Initializing default unigram CountVectorizer...Done.


<convokit.model.corpus.Corpus at 0x7f7ea107b850>

In [24]:
threads_corpus.vectors

{'bow_1', 'bow_2', 'hyperconvo', 'reply-tree'}

### Comment-growth task: : Will the conversation grow to have at least 15 utterances?

In [25]:
from convokit import PairedPrediction, PairedVectorPrediction

### Cross-validated scores for different feature sets

We initialize ConvoKit's PairedPrediction transformers, which will make use of the pair information we added using Pairer earlier + the predictive features/vectors we annotated earlier, to generate the feature and label data needed to train a classifier.
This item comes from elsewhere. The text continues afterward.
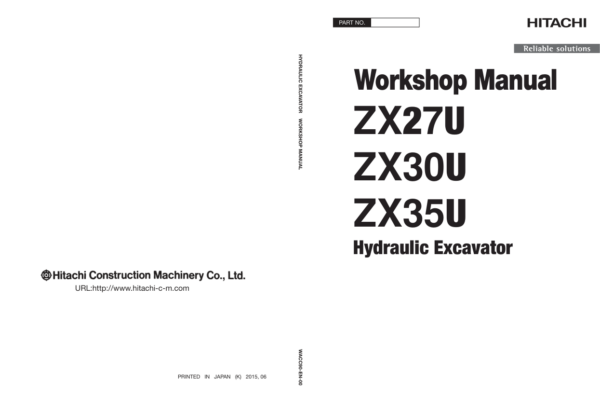 Hitachi ZX27U, ZX30U, ZX35U Mini Excavator Service Repair Manual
The *summarize()* function runs a cross-validation analysis using the PairedPrediction's internal classifier and outputs the mean accuracy score.

#### Hyperconvo

Notice that we use 'pair_id_1', 'pair_obj_1', and 'pair_orientation_1' because this corresponds to the Pairer annotations for the __comment-growth task__.

In [26]:
pp = PairedVectorPrediction(
    obj_type="conversation",
    vector_name="hyperconvo",
    pair_id_attribute_name="pair_id_1",
    label_attribute_name="pair_obj_1",
    pair_orientation_attribute_name="pair_orientation_1",
)
pp.summarize(threads_corpus)

Found 549 valid pairs.


0.5774812343619683

#### Reply-tree

In [27]:
pp = PairedVectorPrediction(
    obj_type="conversation",
    vector_name="reply-tree",
    pair_id_attribute_name="pair_id_1",
    label_attribute_name="pair_obj_1",
    pair_orientation_attribute_name="pair_orientation_1",
)
pp.summarize(threads_corpus)

Found 549 valid pairs.


0.5973144286905754

#### Volume

In [28]:
pp = PairedPrediction(
    obj_type="conversation",
    pred_feats=["volume"],
    pair_id_attribute_name="pair_id_1",
    label_attribute_name="pair_obj_1",
    pair_orientation_attribute_name="pair_orientation_1",
)
pp.summarize(threads_corpus)

Found 549 valid pairs.


0.5993327773144287

#### Bag-of-words

In [29]:
pp = PairedVectorPrediction(
    obj_type="conversation",
    vector_name="bow_1",
    pair_id_attribute_name="pair_id_1",
    label_attribute_name="pair_obj_1",
    pair_orientation_attribute_name="pair_orientation_1",
)
pp.summarize(threads_corpus)

Found 549 valid pairs.


0.8160633861551293

In [30]:
pp.fit(threads_corpus)

Found 549 valid pairs.


<convokit.paired_prediction.pairedVectorPrediction.PairedVectorPrediction at 0x7f7e360f8820>

### Commenter-growth task: Will the total number of participants double in the next 10 utterances (i.e. 11th-20th utterances)?

#### Hyperconvo

In [31]:
pp = PairedVectorPrediction(
    obj_type="conversation",
    vector_name="hyperconvo",
    pair_id_attribute_name="pair_id_2",
    label_attribute_name="pair_obj_2",
    pair_orientation_attribute_name="pair_orientation_2",
)
pp.summarize(threads_corpus)

Found 306 valid pairs.


0.5655737704918031

#### Reply-tree

In [32]:
pp = PairedVectorPrediction(
    obj_type="conversation",
    vector_name="reply-tree",
    pair_id_attribute_name="pair_id_2",
    label_attribute_name="pair_obj_2",
    pair_orientation_attribute_name="pair_orientation_2",
)
pp.summarize(threads_corpus)

Found 306 valid pairs.


0.5296668429402432

#### Volume

In [33]:
pp = PairedPrediction(
    obj_type="conversation",
    pred_feats=["volume"],
    pair_id_attribute_name="pair_id_2",
    label_attribute_name="pair_obj_2",
    pair_orientation_attribute_name="pair_orientation_2",
)
pp.summarize(threads_corpus)

Found 306 valid pairs.


0.5849814912744579

#### Bag-of-words

In [34]:
pp = PairedVectorPrediction(
    obj_type="conversation",
    vector_name="bow_2",
    pair_id_attribute_name="pair_id_2",
    label_attribute_name="pair_obj_2",
    pair_orientation_attribute_name="pair_orientation_2",
)
pp.summarize(threads_corpus)

Found 306 valid pairs.


0.7386567953463776